Para lograrlo, decidí moverme en la ciudad principalmente en bicicleta. Desde el principio el cambio fue abrumador. Para alguien que solía viajar en transporte público, la experiencia de vivenciar la ciudad es distinta. Ahora tenía la libertad de crear más rutas, de conocer calles que antes ni siquiera sabía que existían, paredes, graffittis, fachadas, hoyos, perros, postes, negocios, personas… accedí a un diálogo distinto con mi ciudad, descubriendo y redescubriendo sus dimensiones, lugares y cotidianidades. El resultado fue exitoso.

Estas semanas he estado releyendo algunos poemas de Apollinaire, y leerlo significa entrar en un estado de concentración en donde todo pueda quedar fuera, menos los versos: tratar de entenderlos me obliga a flexibilizar el lenguaje, a buscar los puntos de unión, a meterlos en una caja mágica donde la palabra es precisa, a veces no en el concepto mismo de la palabra, sino por que se acerca a expresar algo más profundo e íntimo, ya que como suelo decir “la poesía no dice lo indecible, pero nos acerca al silencio que lo intuye”.

Este diálogo con el poeta es posible porque, a pesar de las décadas, kilómetros y tecnologías de diferencia, ambos hemos tenido cuerpos, emociones, pensamientos y, hasta cierto punto, compartimos la cultura occidental.

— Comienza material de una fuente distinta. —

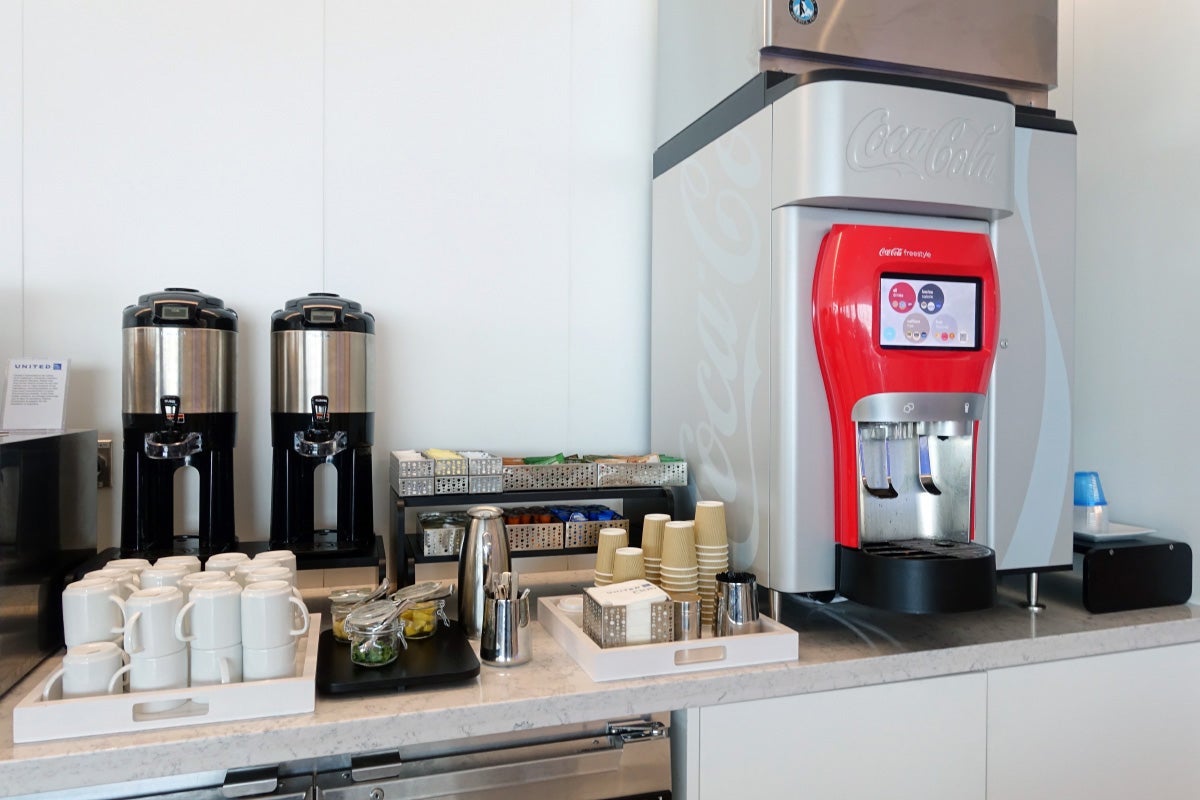 United Club LAX Review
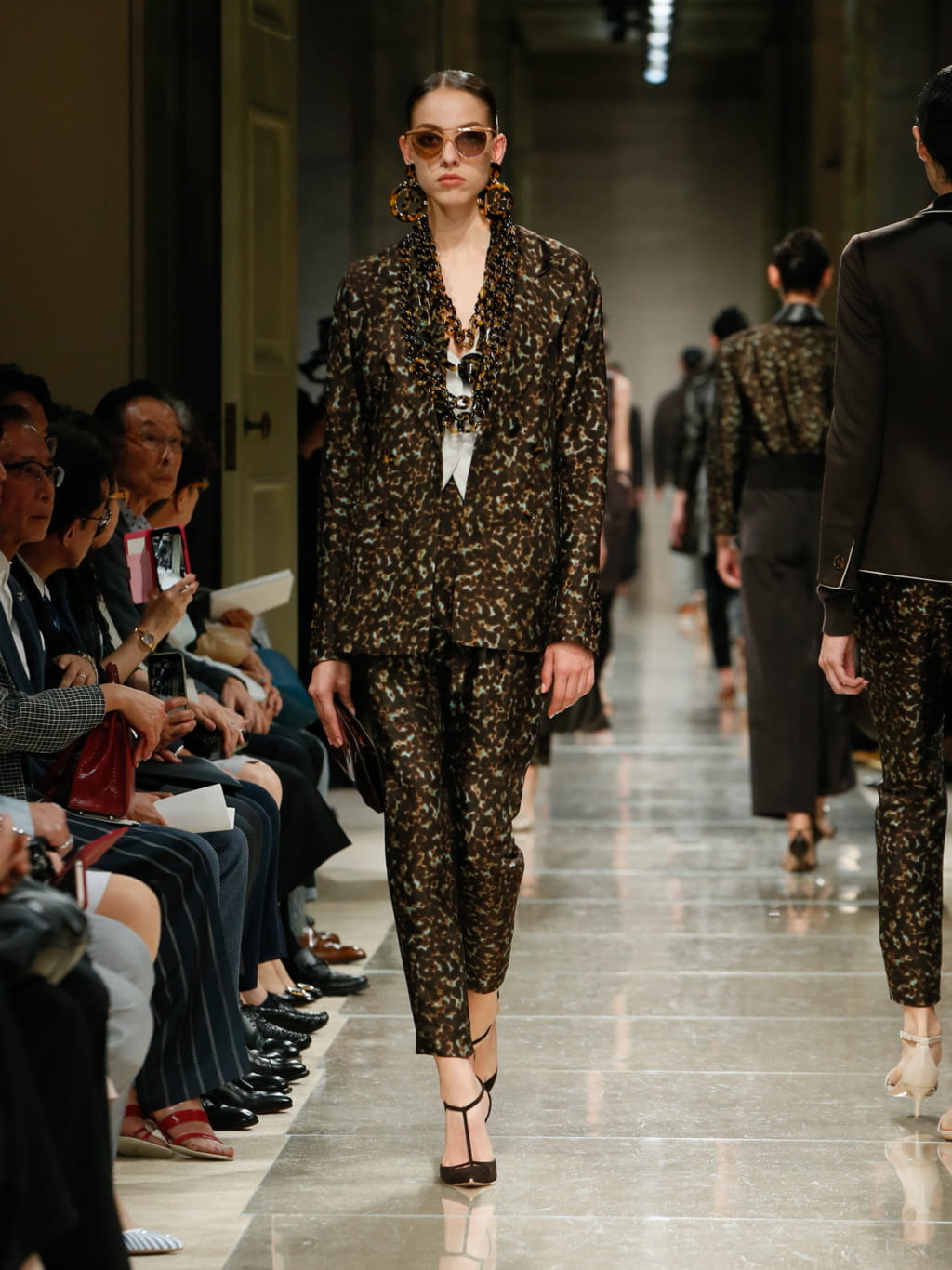 Fashion Week Milan Resort 2020 look 25 de la collection Giorgio Armani womenswear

Si quieren verlo así, leer un poemario es como andar en bicicleta por las calles escondidas de la ciudad del lenguaje. Es romper su cotidianidad, traspasar la objetividad de los conceptos para trascenderlos entre callejones y baches para llegar a nuestro destino, que es el mensaje.

Decidir escribir poemas es tratar de ser un eterno turista profundo, que se acerca cada vez más y de maneras distintas al lenguaje para tratar de compartir (y eso implica entender para sí mismos) los descubrimientos que hace en una doble ciudad: el lenguaje y sí mismos.

Finalmente, hace un par de años pasé por muchos cambios en mi vida, lo que volvió a alterar y acercarme de una manera diferente a mi ciudad. Sentía que tomaba camiones que me llevaban a otros destinos de vida. Un día, recibí un mensaje de mi amigo de la prepa para decirme que recién había encontrado el libro que le presté, que me lo quería devolver. Cuando nos encontramos, platicamos de la vida y de los cambios, me entregó mi libro y me llenó de nostalgia porque efectivamente, es el mismo libro que hace más de quince años le presté: misma portada, misma edición, mismas calcomanías de librerías… el paso del tiempo, el mundo ha pasado por él. Así como por mí. Ese libro ha sido muy importante para que comenzara a dedicarme a esto, y tras años de turistear por el lenguaje y la vida, hoy, nuevamente, me acompaña en mi equipaje de mano.